Panicked parents of next year's high school seniors are anticipating a rough ride when it comes to applying to colleges in the fall, and when you ask them why, they point to what happened in college admissions this past year.
Record high applications led to record low acceptance rates at colleges throughout the country, and strong students who expected a bushel basket of acceptance letters often ended up with a peck of yeses and a pound of wait-list offers, or maybes.
The first college application deadline is months away for the Class of 2013, but after seeing what happened to this year's applicants, two big questions loom large for the parents of next year's college hopefuls. What does it all mean, and why is college admissions such a mystery?
The answer to the second question is easy. It isn't a mystery.
I know, I know -- college admissions officials say they aren't looking for a minimum test score or grade point average, not everyone has to do community service, and essays and interviews may or may not strengthen a student's application file.
But just because that answer doesn't produce a formula predicting a student's chances for admission, it doesn't mean the process is a mystery. In fact, it is a process very familiar to anyone in the business world.
Consider this. An executive picks up a ringing phone and hears someone sobbing on the line. "I don't understand" the voice says, choking back tears, "I had superb scores, my letters were impeccable, and you yourself said my interview was great. What went wrong?"
This certainly is the conversation hundreds of college admissions executives recently had with students who didn't get admitted to college, but it's also the conversation thousands of business executives have had with applicants who didn't get the administrative assistant's job at their company.

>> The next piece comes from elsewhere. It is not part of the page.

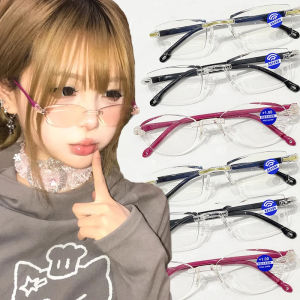 Retro Y2k Borderless Transparent Eyewear Fashionable Narrow Anti Blue Glasses Vibrant Ultra Thin Light Eyeglasses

An applicant had wonderful reference letters, did stellar work on the typing test, and showed great timing with the joke they made in the interview, but they still didn't get the job.
Anyone on a hiring committee knows how awkward these calls can be, because nothing you say is all that comforting -- even the truth. "We were very impressed by your energy and your skills, and it was really a tough decision. But we were flooded with more applicants than ever before, and while you would have been very successful here, we simply didn't have room to accommodate every strong candidate."

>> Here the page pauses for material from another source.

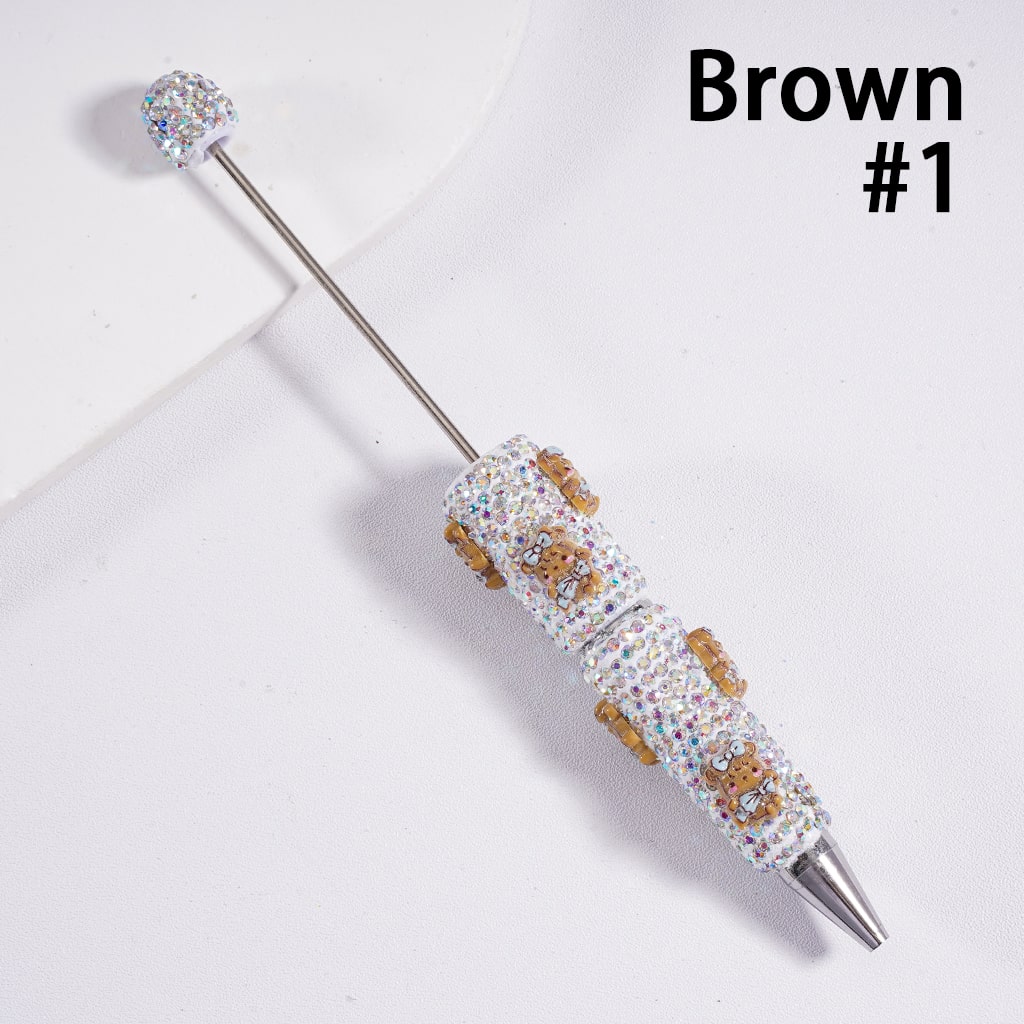 Glimmer Cute Little Doll Design Character Beadable Clay Pen with AB Rhinestones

Read that to the nearest high school senior, and see if it rings a bell.
Comparisons between the business world and college admissions have their limits, especially when it comes to measuring success.
Still, anyone who's ever had to look a bright young face in the eye and say "What would you bring to this company?" should be able to relate to the messy mix of college admissions decisions in a heartbeat and respect it for what it is; an effort to make the best decision for an applicant, using qualities that can and can't be measured, while meeting the ever-changing needs of the institution itself.

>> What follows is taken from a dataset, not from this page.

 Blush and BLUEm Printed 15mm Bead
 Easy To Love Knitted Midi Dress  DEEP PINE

Champions of the campaign to make schools more like businesses, take note. The college admissions office long ago took a page from your human resources playbook -- and unlike HR, they get calls from parents of unsuccessful applicants. That alone deserves some recognition.
Finally, it's interesting to note most of the prolonged head scratching and chest-thumping that happened this year came from the parents of high school seniors, and not the students themselves. The students who received the bad news have already fallen in love with another college they wisely applied to last fall, and they are looking forward to building a bright future there come this September.
That right there should tell you what it all really means for next year's aspiring applicants.